Before we moved back to the UK, friends would ask us what our plans were on our return. Paul's were straightforward: to get back into agency. Mine were rather more vague: I wanted to spend time reading up on a variety of topics - the history of religion; psychology and the development of consciousness in evolution; cognitive neuroscience - in order to try and make some sense of the world we're living in. In fact, as matters have worked out I find myself more or less back where I was when we left the UK in 2005: writing poetry.
Poetry is big in the UK. "Poetry News", which comes out four times a year, receives 3000 submissions a year, of which it publishes 150. The annual National Poetry Competition, run by the Poetry Society, received 8000 entries last year. The Poetry Society runs the Poetry Café in London; the Poetry Library on the South Bank is well-frequented; and throughout the country there are groups and individuals poring over verse.
Some months ago I joined two groups: one in Hastings and another in Brighton. Both meet monthly. The Hastings group brings together people who read what they have written on a theme given out the month before. The Brighton group - one of the Stanza groups run as local presences of the Poetry Society - operates as a workshop: each person brings along something they have written and the others present give their comments. You need to be able to make constructive comments and take criticism yourself. I find it incredibly useful.

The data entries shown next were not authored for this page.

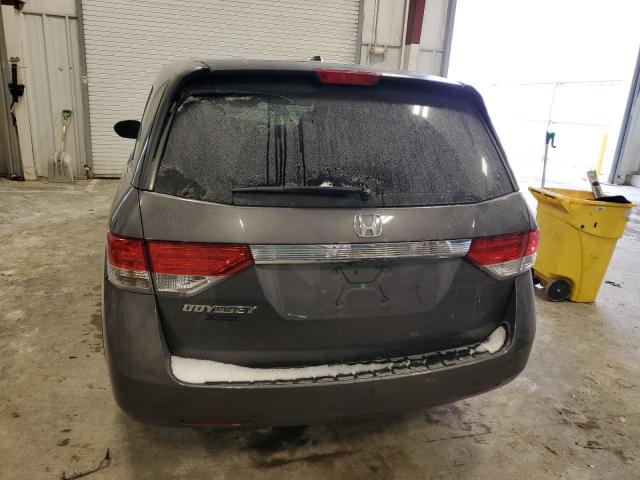 Photo 6 from auction – 2015 HONDA ODYSSEY EX with VIN 5FNRL5H68FB085930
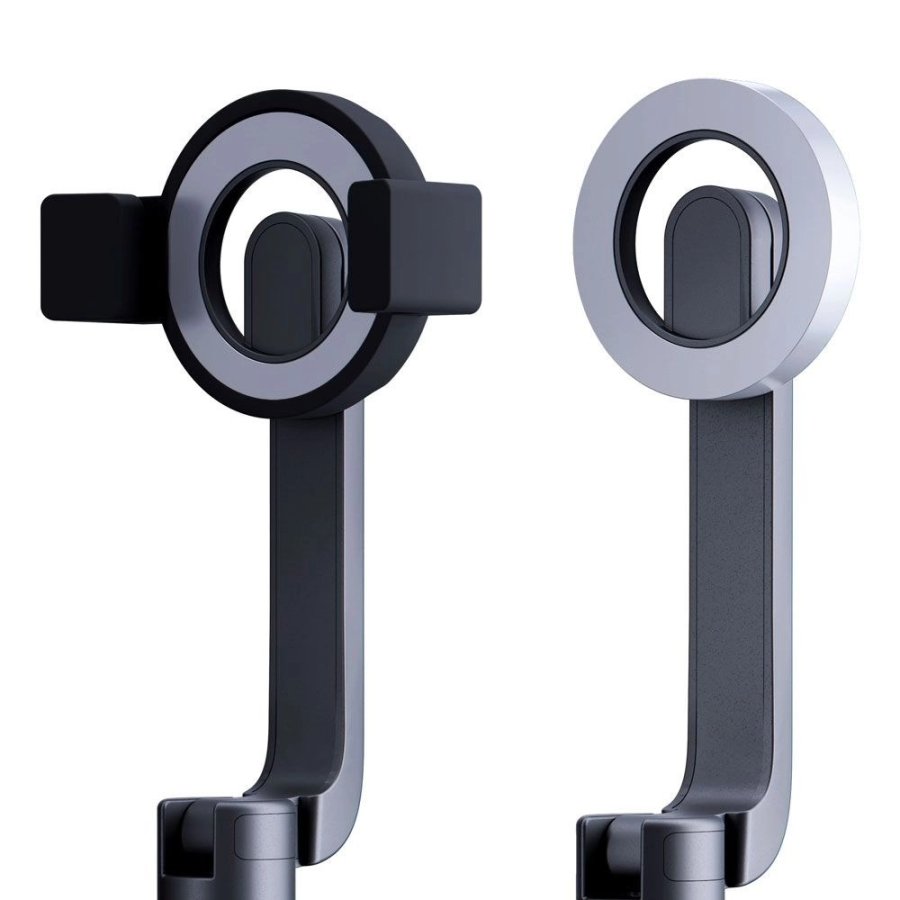 3MK HARDY MagSelfie Stick selfiestang Smartphone Sort #12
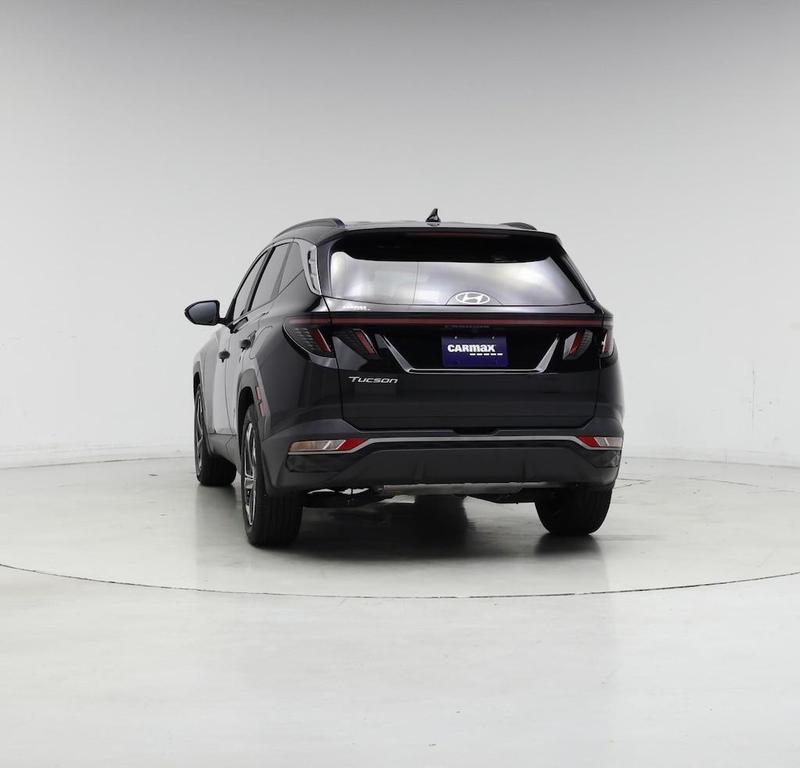 used 2023 Hyundai Tucson car, priced at $23,998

It's curious to find that I took up, almost seamlessly, from where I left off in the spring of 2005. I'd done little writing in France: the demands of the agency absorbed most of my energy. Now I'm back, everything seems to have fallen quietly into place. The other day I discovered that my study window looks onto the house of a neighbour who runs a small poetry press. It all seems part of the curious serendipity of this surprising town.